Per Garibaldi, gli animali erano esseri puri, dotati della stessa innocenza dei nostri bambini, e dunque meritavano una speciale considerazione da parte dell’uomo. Chiunque maltrattasse un animale non era degno di appartenere all’umanità, e si beccava l’etichetta di persona riprovevole e meschina. E Garibaldi stava molto attento affinché le sue truppe non trasgredissero mai tale modo di pensare. Egli dava il buon esempio ed era un grande educatore, prima ancora che un ardimentoso comandante.

Lo sbarco dei Mille, la liberazione storica della penisola italica dalle varie milizie e occupazioni straniere, fece di Garibaldi un mito. Fu condottiero temerario e audace, buono e vincente; minimizzava le perdite e i disastri nelle battaglie, e interveniva a proposito e nel momento giusto per liberare le popolazioni soggiogate dal nemico.

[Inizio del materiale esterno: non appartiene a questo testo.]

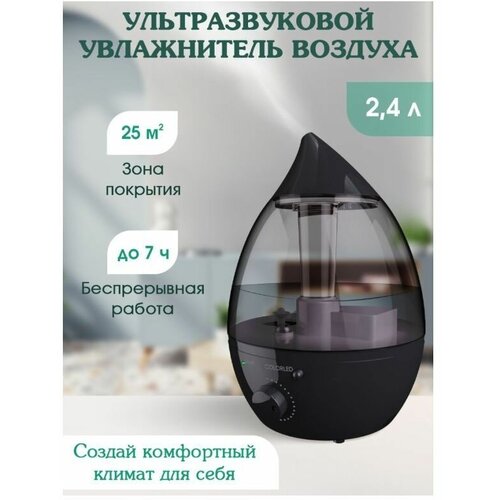 Limuvil Увлажнитель воздуха для дома помещений 135200₽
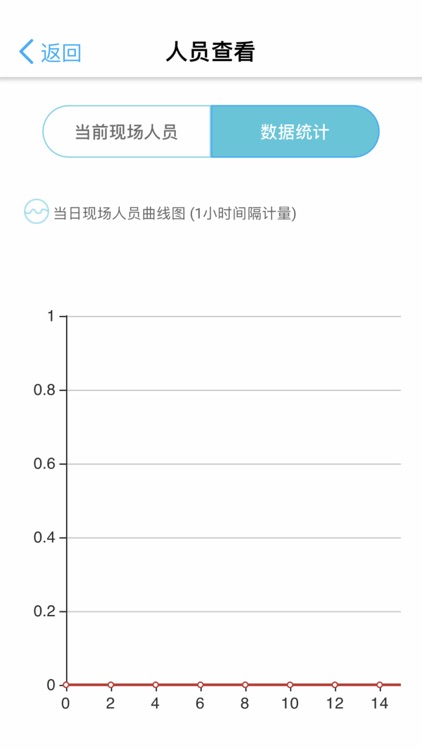 南钢煤筒仓智慧工地管理系统 screenshot-3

Così, come tutti i francesi tendono a sentirsi un po’ dei napoleoni, togliendo però dalla memoria il finale tragico di Waterloo, così gli italiani tendono spesso a sentirsi dei garibaldini, nello spirito e nell’anima. Peccato però che questi ultimi si ricordino solo del Garibaldi guerriero e liberatore, e che abbiano invece dimenticato i suoi valori di alta umanità. I suoi moniti a difesa dei deboli, degli oppressi, degli innocenti, degli animali.

Nessuno storico si è mai preso la briga di focalizzare le sue attenzioni sul vegetarianismo e animalismo di Garibaldi, quasi che un condottiero abituato alle battaglie, alle ferite e al sangue, dovesse per forza essere privo di cuore e di riguardi per i deboli e gli indifesi. Non c’è un solo libro di storia che parli di questo importantissimo aspetto umano del Capo dei Mille.

Ai tanti italiani amanti delle gesta garibaldine non viene affatto in mente che, se il loro eroe li scoprisse oggi a ingozzarsi di carne di bue, di maiale e di pollo, o peggio ancora di asino o di cavallo, ne sarebbe disgustato, al punto tale di privarli di quella cittadinanza italiana e di quel tricolore per cui egli ha tanto combattuto. Italiani vanitosi e privi di coraggio […] Italiani che invece di fare quel piccolo eroismo quotidiano che consiste nell’essere semplicemente se stessi, nell’attuare la difesa del più innocente e del più debole, preferiscono associarsi e mettersi in combutta con gli accoppa-animali di ogni risma e di ogni specie. E magari hanno la faccia tosta di pretendersi garibaldini. “Se ne guardino bene dal fare uso improprio e indegno del mio nome”, rivendicherebbe la sua anima tormentata e offesa.

L’Eroe dei due Mondi non esiterebbe a chiamare i suoi connazionali di oggi col loro nome appropriato di vili e codardi, imbelli e pusillanime, privi di morale e di buoni principi. Nessuno che tratti male un bambino innocente e indifeso, nessuno che tradisca, offenda, manchi di rispetto a un animale bonario e amico, abbia l’impudenza di chiamarsi garibaldino, e di stare in sintonia con i fondatori della nostra bella e romantica Italia del Risorgimento.